_YOUR INSTRUCTIONS:_ Below is a listing. Write out exactly its lines between the one holding "Lot de 4 coupelles" and the one holding "Half Flower Half Butterfly Emerging", inclusive.

_INFORMATION GIVEN:_
* * * * * * *

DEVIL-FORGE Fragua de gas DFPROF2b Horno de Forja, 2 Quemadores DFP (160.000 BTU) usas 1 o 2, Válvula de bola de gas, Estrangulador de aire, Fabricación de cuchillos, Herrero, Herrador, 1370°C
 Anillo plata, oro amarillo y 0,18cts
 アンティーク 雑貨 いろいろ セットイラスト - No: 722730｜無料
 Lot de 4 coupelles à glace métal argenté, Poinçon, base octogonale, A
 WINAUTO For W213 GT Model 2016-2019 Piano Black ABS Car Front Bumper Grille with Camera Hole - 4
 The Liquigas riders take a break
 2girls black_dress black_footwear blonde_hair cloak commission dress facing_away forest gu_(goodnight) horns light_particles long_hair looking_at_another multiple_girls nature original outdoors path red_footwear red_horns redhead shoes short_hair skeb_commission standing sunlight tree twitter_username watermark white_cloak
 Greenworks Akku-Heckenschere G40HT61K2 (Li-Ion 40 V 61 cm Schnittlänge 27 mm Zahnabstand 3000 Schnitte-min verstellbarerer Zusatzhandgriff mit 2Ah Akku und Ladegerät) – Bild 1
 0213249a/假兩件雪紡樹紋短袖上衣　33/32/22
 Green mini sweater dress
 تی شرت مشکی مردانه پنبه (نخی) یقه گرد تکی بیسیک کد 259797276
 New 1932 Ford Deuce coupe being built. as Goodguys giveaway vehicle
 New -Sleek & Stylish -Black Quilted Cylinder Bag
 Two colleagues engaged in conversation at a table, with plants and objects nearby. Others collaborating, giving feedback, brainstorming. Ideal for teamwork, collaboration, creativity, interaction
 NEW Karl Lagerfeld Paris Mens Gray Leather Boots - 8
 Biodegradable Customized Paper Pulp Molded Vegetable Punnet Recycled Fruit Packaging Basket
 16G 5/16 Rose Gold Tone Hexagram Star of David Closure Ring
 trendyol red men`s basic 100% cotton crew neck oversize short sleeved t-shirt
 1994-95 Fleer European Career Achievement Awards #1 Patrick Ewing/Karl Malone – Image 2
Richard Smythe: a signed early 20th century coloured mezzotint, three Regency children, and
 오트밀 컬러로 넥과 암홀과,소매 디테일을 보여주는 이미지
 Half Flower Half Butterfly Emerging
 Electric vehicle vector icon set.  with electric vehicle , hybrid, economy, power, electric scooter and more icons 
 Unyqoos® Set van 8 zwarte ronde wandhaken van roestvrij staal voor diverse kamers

* * * * * * *

_WORKED SOLUTION:_
 Lot de 4 coupelles à glace métal argenté, Poinçon, base octogonale, A
 WINAUTO For W213 GT Model 2016-2019 Piano Black ABS Car Front Bumper Grille with Camera Hole - 4
 The Liquigas riders take a break
 2girls black_dress black_footwear blonde_hair cloak commission dress facing_away forest gu_(goodnight) horns light_particles long_hair looking_at_another multiple_girls nature original outdoors path red_footwear red_horns redhead shoes short_hair skeb_commission standing sunlight tree twitter_username watermark white_cloak
 Greenworks Akku-Heckenschere G40HT61K2 (Li-Ion 40 V 61 cm Schnittlänge 27 mm Zahnabstand 3000 Schnitte-min verstellbarerer Zusatzhandgriff mit 2Ah Akku und Ladegerät) – Bild 1
 0213249a/假兩件雪紡樹紋短袖上衣　33/32/22
 Green mini sweater dress
 تی شرت مشکی مردانه پنبه (نخی) یقه گرد تکی بیسیک کد 259797276
 New 1932 Ford Deuce coupe being built. as Goodguys giveaway vehicle
 New -Sleek & Stylish -Black Quilted Cylinder Bag
 Two colleagues engaged in conversation at a table, with plants and objects nearby. Others collaborating, giving feedback, brainstorming. Ideal for teamwork, collaboration, creativity, interaction
 NEW Karl Lagerfeld Paris Mens Gray Leather Boots - 8
 Biodegradable Customized Paper Pulp Molded Vegetable Punnet Recycled Fruit Packaging Basket
 16G 5/16 Rose Gold Tone Hexagram Star of David Closure Ring
 trendyol red men`s basic 100% cotton crew neck oversize short sleeved t-shirt
 1994-95 Fleer European Career Achievement Awards #1 Patrick Ewing/Karl Malone – Image 2
Richard Smythe: a signed early 20th century coloured mezzotint, three Regency children, and
 오트밀 컬러로 넥과 암홀과,소매 디테일을 보여주는 이미지
 Half Flower Half Butterfly Emerging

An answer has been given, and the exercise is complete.